Bypassing ORM for performance, is it worth it?

dubstep · February 15, 2011, 9:28pm

The following method in my rails app is called very, very frequently on
incoming requests and results in model objects being rendered as JSON.
All is working fine, but this thing has to be as efficient and fast as
possible. So far I’ve added an index to updated_at and I’ve enabled
mod_deflate on the server so the JSON responses are compressed.

I’ve heard that it’s possible to optimise rails queries as raw SQL so to
eek extra performance out of the app.
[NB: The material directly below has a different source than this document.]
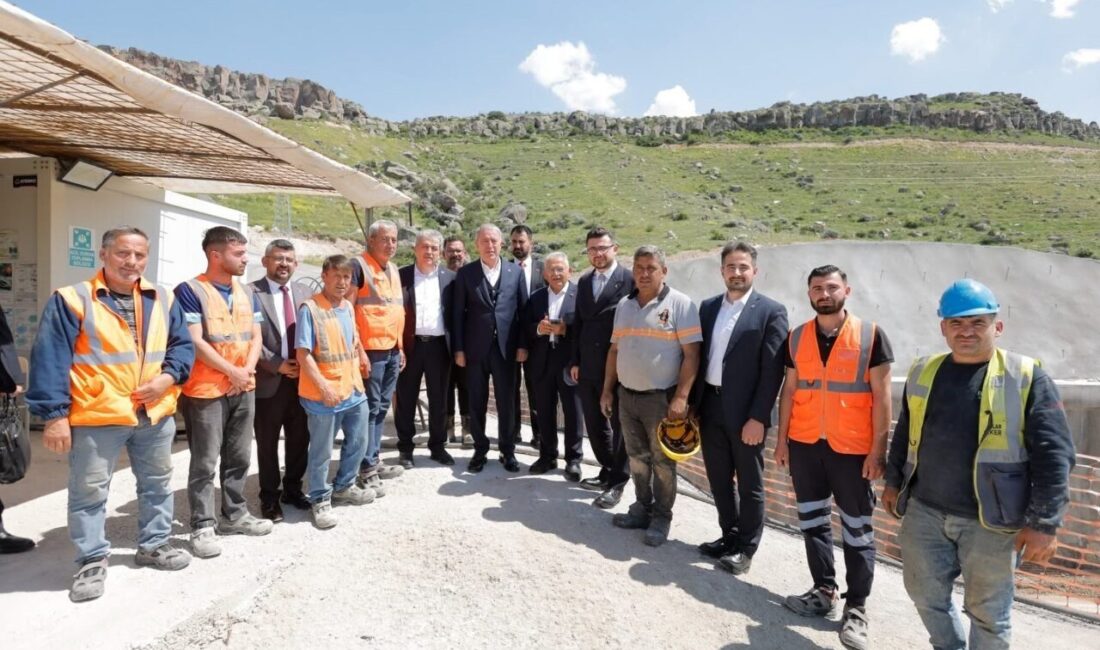 Kayseri Büyükşehir Belediye Başkanı Dr. Memduh Büyükkılıç, TBMM Milli Savunma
Is this true and a good idea (if
it’s marginal I’d stay as I am) and given the code in my method; is it
worth doing, I’m not so familiar with SQL syntax so if it is something
that I should do I’d appreciate any tips as to the syntax.

Here’s the method as it stands, working fine - circa 5,000 records,
growing I hope to 50,000 in a few weeks, maybe 100,000 records
ultimately.

def self.time_query(date_from,date_to,limit = 40)
self.all(:conditions => { :updated_at => date_from…date_to }, :order
=> “updated_at DESC”, :limit => limit)
end

Here’s some output from the logs, I guess the SQL I could use directly
is based on the
“SELECT * FROM apps WHERE (apps.updated_at BETWEEN
‘2011-02-15T18:25:53Z’ AND ‘2011-02-15T18:35:53Z’) ORDER BY updated_at
DESC, updated_at ASC LIMIT 40”

Is this worth doing, are there significant performance gains to be had
bypassing the AR layer.
If it matters this is a rails 2.3.8 app.

Processing AppsController#index to json (for 127.0.0.1 at 2011-02-15
18:35:53) [GET]
Parameters: {“date_to”=>“2011-02-15T18:35:53Z”,
“date_from”=>“2011-02-15T18:25:53Z”}
App Load (27.5ms) SELECT * FROM apps WHERE (apps.updated_at
BETWEEN ‘2011-02-15T18:25:53Z’ AND ‘2011-02-15T18:35:53Z’) ORDER BY
updated_at DESC, updated_at ASC LIMIT 40
Completed in 34ms (View: 1, DB: 28) | 200 OK
SQL (0.2ms) SET NAMES ‘utf8’
SQL (0.1ms) SET SQL_AUTO_IS_NULL=0

bingobob · February 15, 2011, 10:52pm

On Feb 15, 8:28pm, bingo bob [email protected] wrote:

that I should do I’d appreciate any tips as to the syntax.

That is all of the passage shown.